Documents all PostgreSQL tables, columns, relations, constraints, storage design, and partitioning strategy.

TL;DR

  • Single PostgreSQL database arb_engine; 15+ tables defined in db.py SCHEMA_SQL + auth.py AUTH_SCHEMA.
  • agg_trades is a range-partitioned table (by time_ms in milliseconds); monthly partitions auto-created by ensure_partitions().
  • Dual-write: local PG is primary; Cloud SQL at 10.106.0.3 receives same writes via a secondary psycopg2 pool (non-fatal if down).
  • All timestamps: ts columns are Unix seconds (integer); time_ms columns are Unix milliseconds (bigint); created_at columns are PG TIMESTAMP.
  • JSONB used for score_factors in paper_trades/live_trades, detail in live_events, value in market_indicators.
  • Auth tokens stored in DB: refresh tokens in refresh_tokens table (revocable); no session table.

Canonical Facts

Tables

rate_snapshots — Funding Rate Snapshots

Populated every 2 s by background_snapshot_loop() in main.py.

Column Type Description
id BIGSERIAL PK
ts BIGINT NOT NULL Unix seconds
btc_rate DOUBLE PRECISION BTC funding rate (decimal)
eth_rate DOUBLE PRECISION ETH funding rate
btc_price DOUBLE PRECISION BTC mark price USD
eth_price DOUBLE PRECISION ETH mark price USD
btc_index_price DOUBLE PRECISION BTC index price
eth_index_price DOUBLE PRECISION ETH index price

Index: idx_rate_snapshots_ts on ts.


agg_trades — Aggregate Trades (Partitioned)

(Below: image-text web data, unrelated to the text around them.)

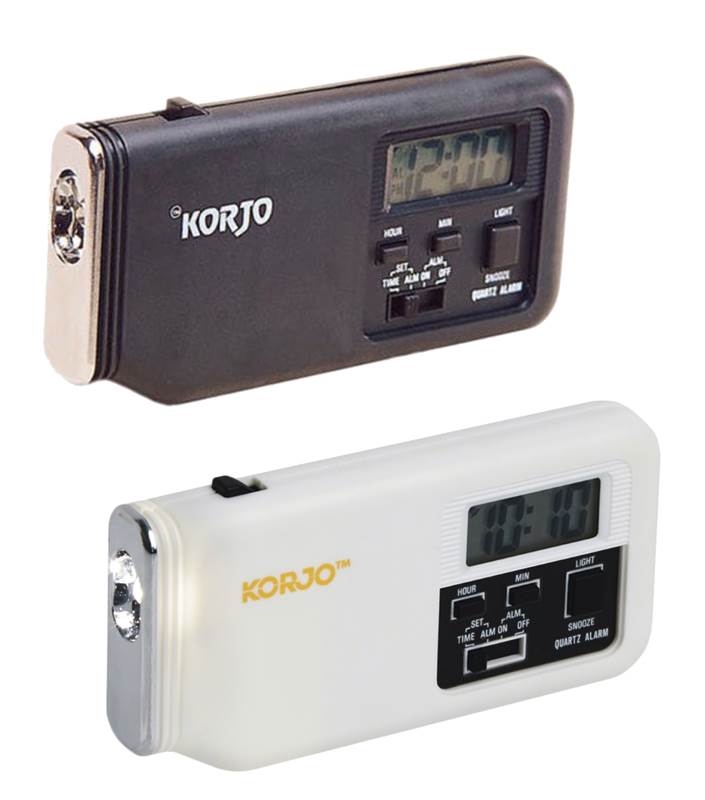 Korjo Travel Alarm Clock With Torch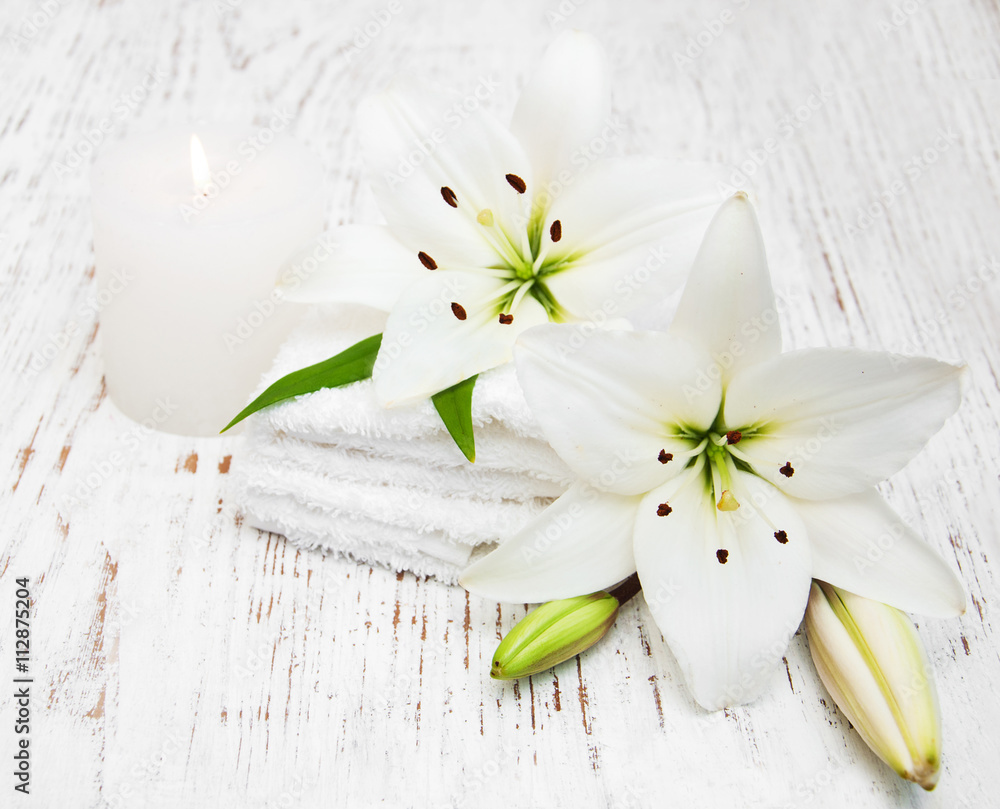 Spa products with white lily Spa products with white lily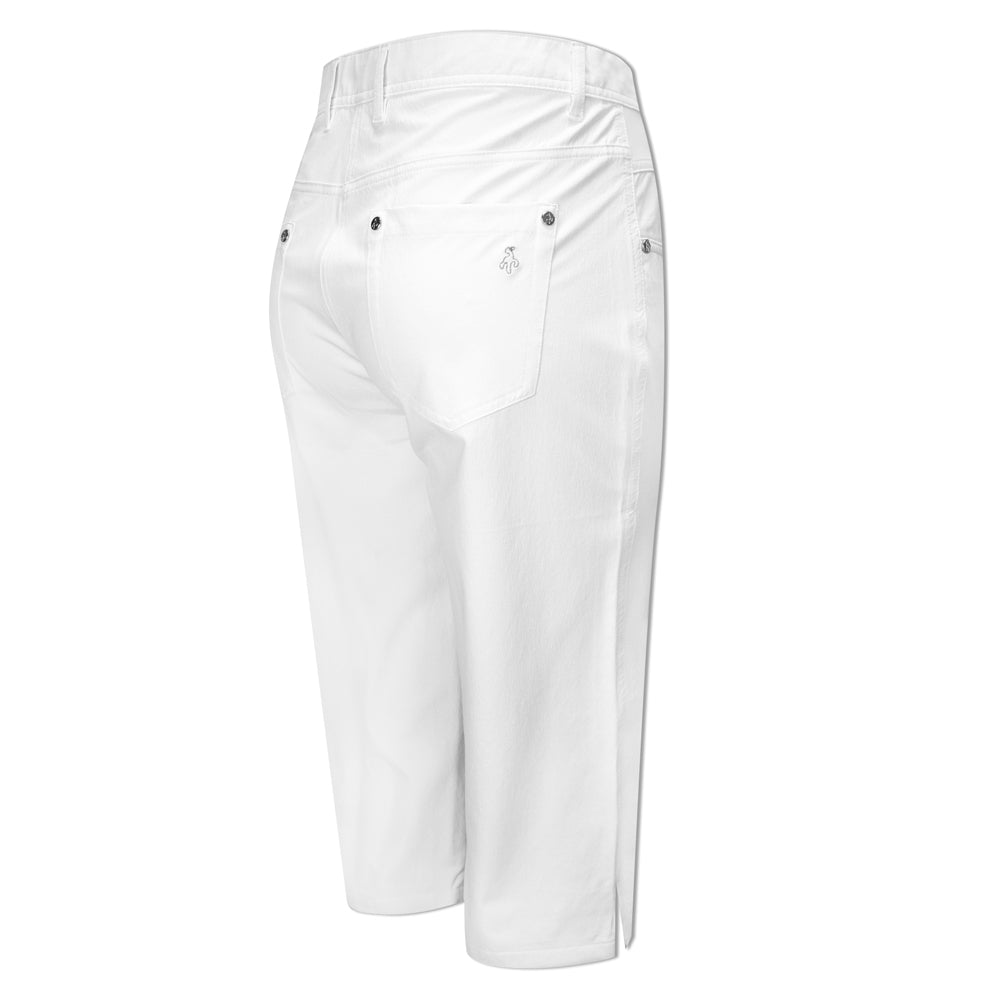Green Lamb Ladies Stretch Pedal Pushers with UPF30 Protection in White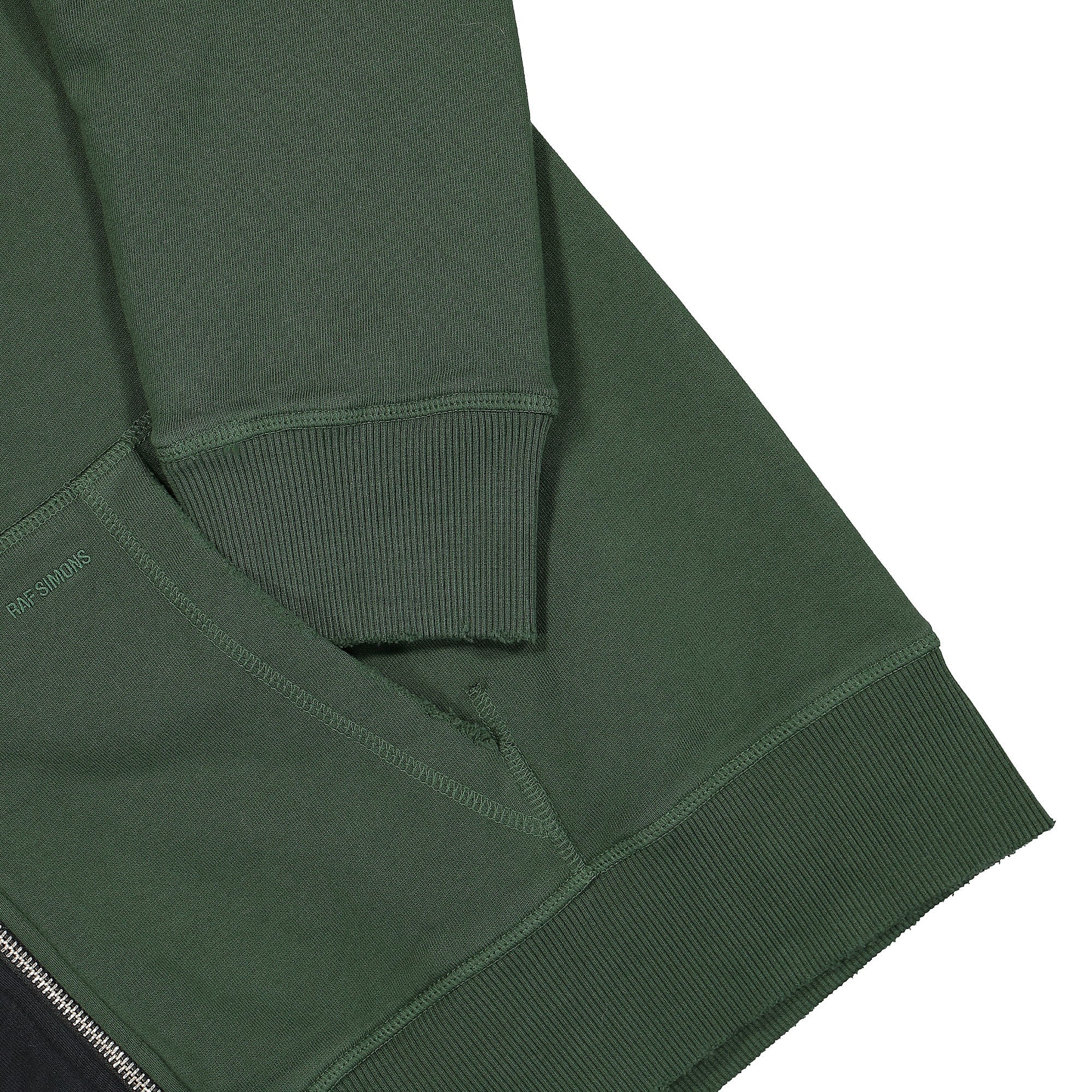 Fred Perry Raf Simons x Fred Perry Destroyed Zip Though Zip Hoodie Fir Green Hoodies Detailfoto | Overkill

Partitioned by RANGE(time_ms); monthly child tables named agg_trades_YYYYMM.

Column Type Description
agg_id BIGINT NOT NULL Binance aggTrade ID
symbol TEXT NOT NULL e.g. BTCUSDT
price DOUBLE PRECISION Trade price
qty DOUBLE PRECISION Trade quantity (BTC/ETH/etc.)
time_ms BIGINT NOT NULL Trade timestamp ms
is_buyer_maker SMALLINT 0=taker buy, 1=taker sell

PK: (time_ms, symbol, agg_id). Indexes: idx_agg_trades_sym_time on (symbol, time_ms DESC), idx_agg_trades_sym_agg on (symbol, agg_id).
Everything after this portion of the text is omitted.